Math teachers and science teachers never agree about significant figures — neither about their importance nor about how to use them. Math books and competitions tend to ignore the issue, or else they promulgate arbitrary rules, such as “answers must be rounded correctly to at least four significant digits,” regardless of the inputs. In physics, however, there are rules that are supposed to make sense. But do they? Here is what one physics teacher has to say:

I’ve long disliked the physics practice of rounding numbers and relying on reporting of “significant figures” rather than explicitly stating the precision. The “significant figure” convention, which only allows expressing a precision of ±1/2 the least-significant digit, is a rather awkward and (I believe) stupid convention.

Here’s the difficulty, in plain English. If you report an answer as 6.4×10^{3}, you are saying that the actual answer is somewhere between 6350 and 6450. If you report it as 6.42×10^{3}, you are saying that the actual answer is somewhere between 6415 and 6425. So your choice is between an uncertainty of ±50 or ±5. But what if your actual uncertainty is ±20? There’s no way to express that if you rely on significant figures rather than reporting uncertainty. So why not explicitly state your uncertainty rather than use the implicit conventions of sig figs? It would be clearer and more informative to say what you mean.

Math teachers have some more issues with significant figures. First, aside from the fact that many of our math problem numbers are theoretically exact — often a sore point with those who are of an applied bent, since measurements cannot be exact — we have the question of where one should round. If you use 9.8 (or worse, 10) as the acceleration due to gravity on earth, there is no point in having three sig figs in your answer. (Note the lack of units, another complaint that is often levied against math teachers and math textbooks. But more on that in a different post.) Also, there are rules in science books about how to figure out the number of significant figures to leave in one’s answer, depending on the precision of the original data. But it’s fairly easy to show from concrete examples that these rules, though handy, don’t always work. It’s all a can of worms.
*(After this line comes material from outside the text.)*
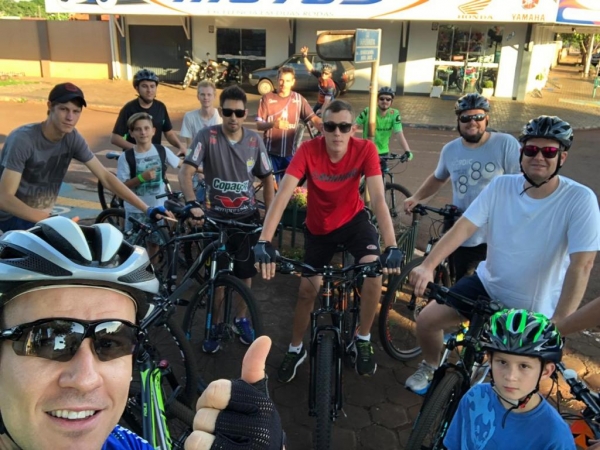 Saída hoje as 19h00. Foto: Divulgação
Even though it’s necessary in chemistry, math teachers would prefer to avoid the issue.

Finally, another good point from the original :

Rounding in mid-calculation, as is done in examples in so many books, is both unnecessary and dangerous, increasing the error in the final result for no good reason. (Exception: mental calculations and quick back-of-the-envelope order-of-magnitude estimates often benefit from keeping only 1 or 2 significant figures to reduce the load on working memory and mental calculation time.)

This is why I keep telling students not to round until reporting the answer.